This notebook demonstrates the full workflow for conducting sentiment analysis. Sentiment analysis is an approach which helps users detect the emotional tone of comments in order to gain insights into developer collaboration and how sentiment may influence project progress by classifying developer comments as expressing positive, negative, or neutral sentiment. This notebook applies this approach to developer communication sources such as GitHub issues, pull requests, comments, commits, JIRA discussions, and mailing lists. It guides the user through preparing data, training a sentiment-classification model, and generating predictions on new datasets to study collaboration patterns and developer interactions.
Please ensure the following R packages are installed on your computer.
rm(list = ls())
seed <- 1
set.seed(seed)
require(kaiaulu)
## Loading required package: kaiaulu
require(data.table)
## Loading required package: data.table
require(jsonlite)
## Loading required package: jsonlite
require(magrittr)
## Loading required package: magrittr
require(gt)
## Loading required package: gt
require(stringi)
## Loading required package: stringi
require(markdown)
## Loading required package: markdown
require(XML)
## Loading required package: XML
require(ggplot2)
## Loading required package: ggplot2
# Paths to Sentiment Classifier -- see sailuh/sentiment_classifier
tool <- parse_config("../tools.yml")
pysenti_path <- get_pysenti_path(tool)
pysenti_conda_env_name <- get_pysenti_conda_env_name(tool)
conda_path <- get_conda_path(tool)
# GitHub Dataset for Prediction
conf <- parse_config("../conf/kaiaulu.yml")
authors <- get_filter_by_reply_author_substring(conf)
subjects <- get_filter_by_reply_subject_substring(conf)
body <- get_filter_by_reply_body_substring(conf)
token_replacements <- get_replace_token_regex_with(conf)
# Sentiment Classifier Params
training_dataset_filepath <- get_sentiment_training_dataset_filepath(conf)
model_save_path <- get_trained_model_path(conf)
prediction_save_path <- get_prediction_dataset_filepath(conf)
We grab project data from GitHub, JIRA, and mailing lists because
these sources capture the core developer communication, including
issues, pull requests, and comments. Within these sources, the
body field generally contains the actual developer
interactions and discussions within the project. Parsing this data into
a unified reply data.table standardizes its structure, enabling
consistent pre-processing and ensuring our sentiment model can
accurately analyze human-generated content.
In order to download Github data, you need a Github token. For details, see Here. The functions in Kaiaulu will assume you have a token available, which can be passed as parameter.

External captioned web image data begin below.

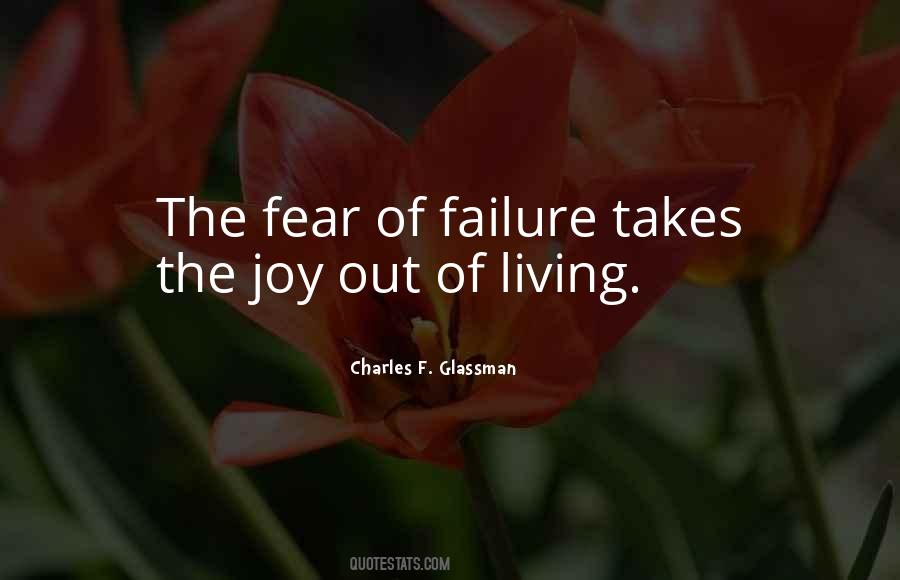 The Fear Of Failure Quotes #1857450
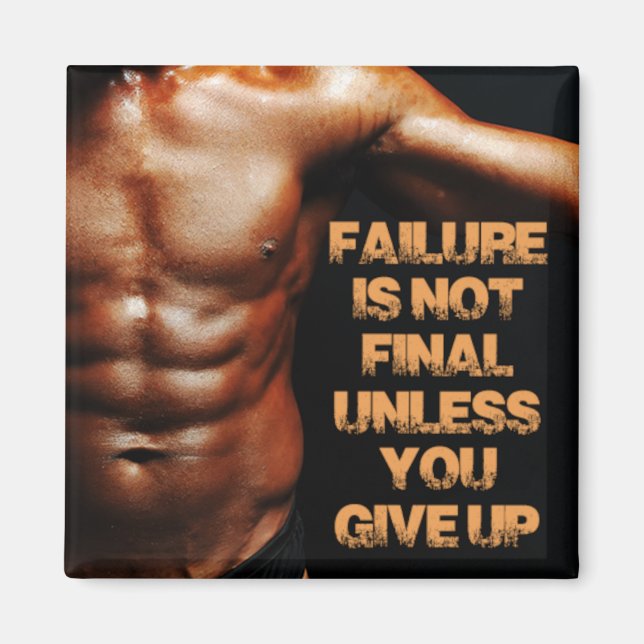Failure Not Final Fitness Fridge Magnet (Front)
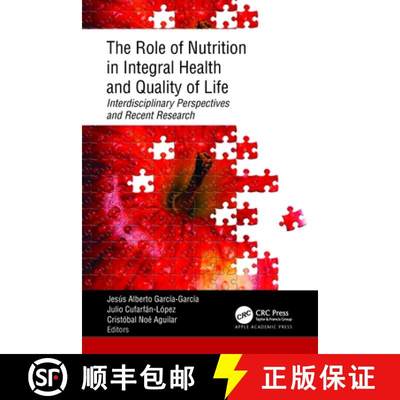 【4周达】The Role of Nutrition in Integral Health and Quality of Life: Interdisciplinary Perspectives...[9781774914205]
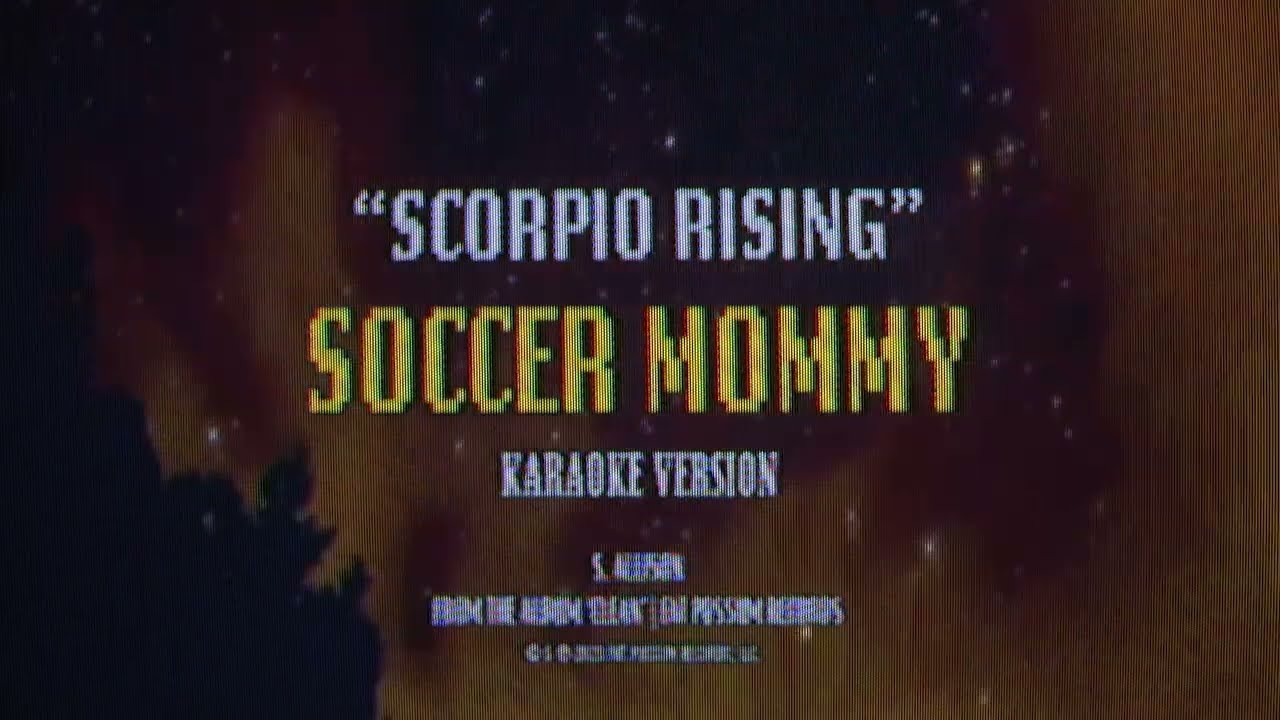 Soccer Mommy - Scorpio Rising (Karaoke Version)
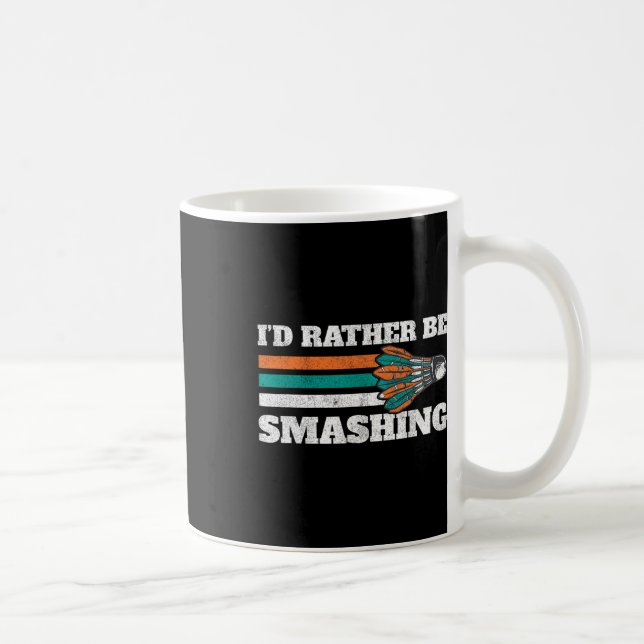 I'd Rather Be Smashing Shuttle Retro Badminton  Coffee Mug (Right)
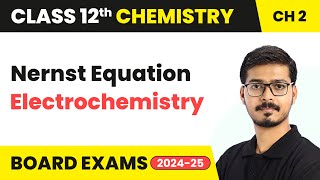 Nernst Equation  Electrochemistry  Class 12 Chemistry Chapter 2  CBSE 202425 [upl. by Ettenoitna]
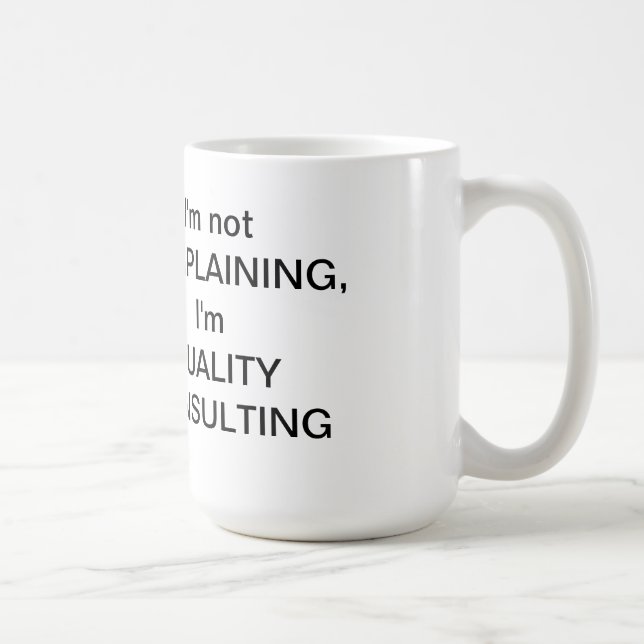 No soy taza QUE SE QUEJA (Derecha)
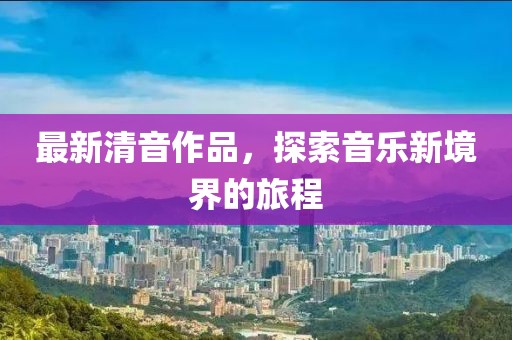 最新清音作品，探索音乐新境界的旅程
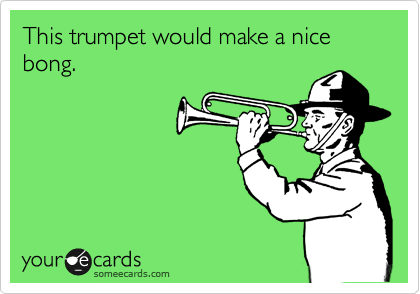 This trumpet would make a nice bong.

conf <- parse_config("../conf/kaiaulu.yml")
save_path_issue_refresh <- get_github_issue_search_path(conf, "project_key_1")
save_path_pull_request <- get_github_pull_request_path(conf, "project_key_1")
save_path_issue_or_pr_comments <- get_github_issue_or_pr_comment_path(conf, "project_key_1")
# Make sure the above save_path_* folders exists using
dir.create(save_path_issue_refresh)
## Warning in dir.create(save_path_issue_refresh):
## '../../rawdata/kaiaulu/github/sailuh_kaiaulu/issue_search' already exists
dir.create(save_path_pull_request)
## Warning in dir.create(save_path_pull_request):
## '../../rawdata/kaiaulu/github/sailuh_kaiaulu/pull_request' already exists
dir.create(save_path_issue_or_pr_comments)
## Warning in dir.create(save_path_issue_or_pr_comments):
## '../../rawdata/kaiaulu/github/sailuh_kaiaulu/issue_or_pr_comment' already
## exists
owner <- get_github_owner(conf, "project_key_1") # Has to match github organization (e.g. github.com/sailuh)
repo <- get_github_repo(conf, "project_key_1") # Has to match github repository (e.g. github.com/sailuh/perceive)
# your file github_token (a text file) contains the GitHub token API
token <- scan("~/.ssh/github_token",what="character",quiet=TRUE)
Here, we are downloading and parsing Github issue data by date range
using the /issue_search/ API endpoint. After being parsed
into a structured data table (we will refer to it as reply data.table
for the rest of the notebook), it will contain the column ‘reply_body’,
this is what we are looking for in every data that is being parsed in
this notebook as it typically represents developer comments.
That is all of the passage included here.